Thursday, December 5, 2024

Simon Gualtieri | Ami d’ami (Friend of a Friend) / 2023

the bathroom saint

by Douglas Messerli

 

Simon Gualtieri and Anne-Marie Soucy (screenplay), Simon Gualtieri (director) Ami d’ami (Friend of a Friend) / 2023 [15 minutes]

 

Jules (Jules Ronfard) has just broken up with his girlfriend after meeting Samuel (Samuel Brassard), realizing perhaps for the first time that he is probably bisexual. He arranges to meet Samuel at his apartment, to just “hang out.”


      Both Samuel and Jules have evidently enjoyed their previous conversation with each other, and, despite Jules’ doubts about having arranged for the meeting, Samuel sees nothing unusual about their get-together.

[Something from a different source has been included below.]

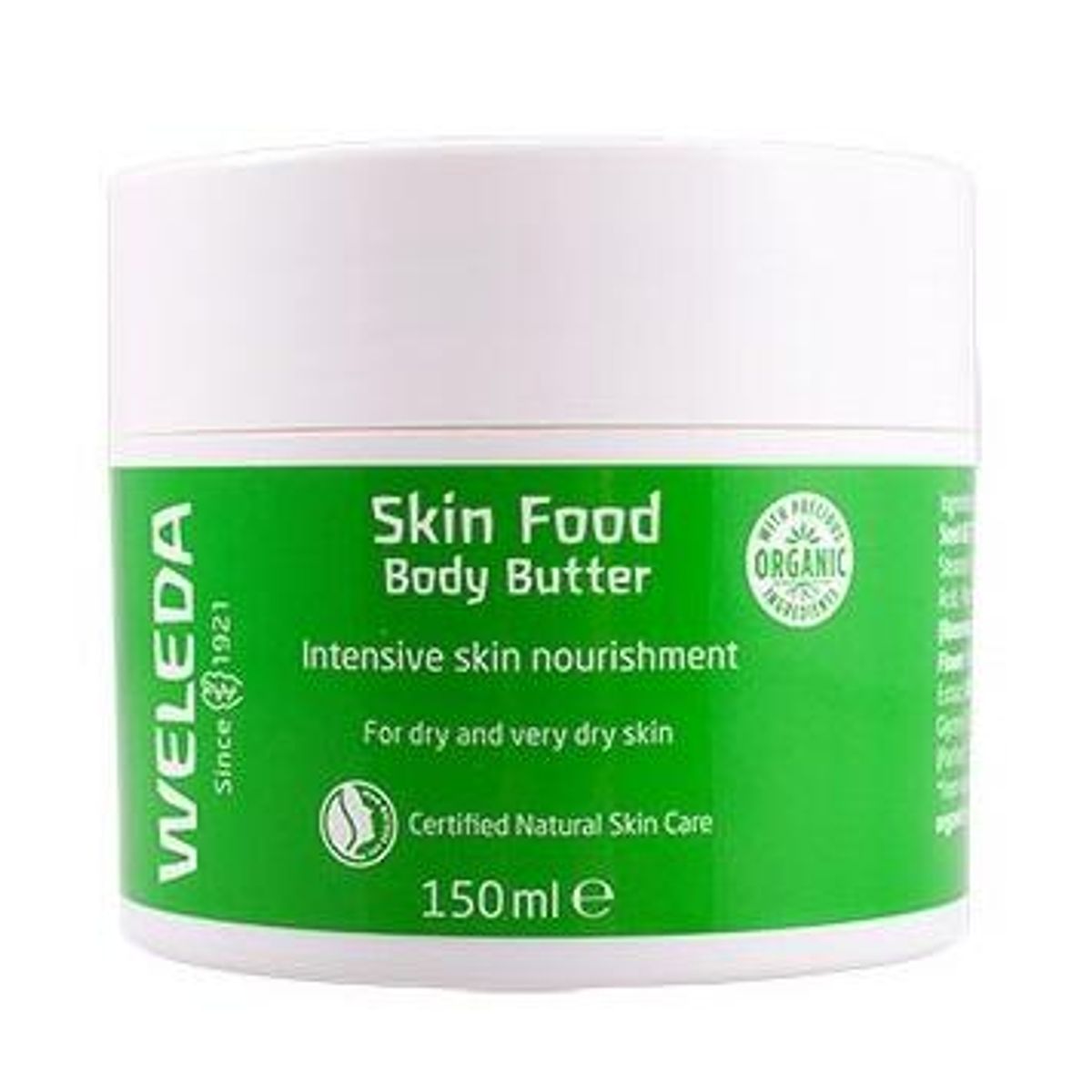 Weleda Skin Food Body Butter, 150 ml.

      But Jules clearly has other plans, wanting it appears quite desperately to explore his newfound bisexuality for first time with a man, namely Samuel. But everything gets in the way. First of all, he can simply not find the language to speak to an openly gay man about his sexual desires; but even worse Samuel’s roomates, male and female, both apparently heterosexual, come tumbling into their tête-à-tête with their tales of their day, their equal claims to Jules (the male insists they met in college and the woman suggests she might have fallen in love had they met a supermarket) and a desperate desire to play dominoes.

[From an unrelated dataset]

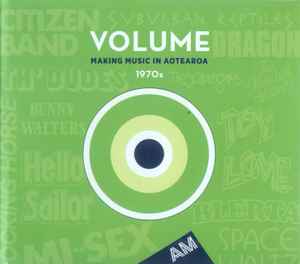 Various - Volume (Making Music In Aotearoa) album cover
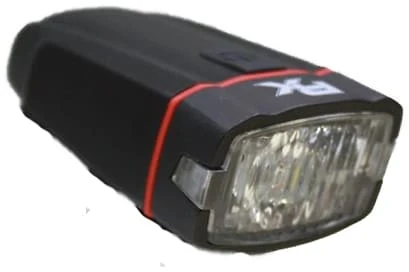 Diodelys Kraftig 500lum Oppladbart Sort 3 Diodelys Kraftig 500lum Oppladbart Sort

      More than a little frustrated, Jules retreats to the bathroom, snapping a picture of himself in the manner of the St. Sebastian reprint hung on the bathroom wall, and sends it off to Samuel, hoping to reveal his inner feelings.

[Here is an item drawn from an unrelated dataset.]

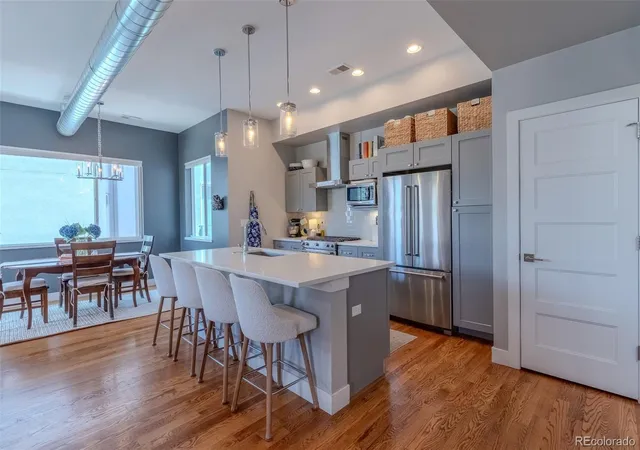 Photo 4 of Townhouse for sale at 3318 S Washington St, Englewood, CO 80113 | MLS# 3053524 | Listing updated on 2026-08-17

     Yet even that seems to fail when Samuel’s roommate pulls the cellphone from his hands demanding that there will be no texting allowed during their domino game. In desperation, Jules spills wine all over the table and prepares to leave.

        In Samuel’s bedroom where he has left his coat, the friend of a friend finally appears without all the others, permitting the two to talk, both afraid to broach the subject of their mutual attraction. But a kiss settles the issue, as Jules explains that being the very first time for him with another man, he may find he doesn’t like it, he may not want to sleep over, etc. Yet it’s clear the two, once they begin their sexual engagement, will truly enjoy the experiment.

       If Quebecois writer Simon Gualtieri’s likeable short film is not very profound, it does present gay love from a quite different perspective, and Ronfard is very appealing as the coming out bisexual.

 

Los Angeles, December 5, 2024

Reprinted from My Queer Cinema blog (December 2024).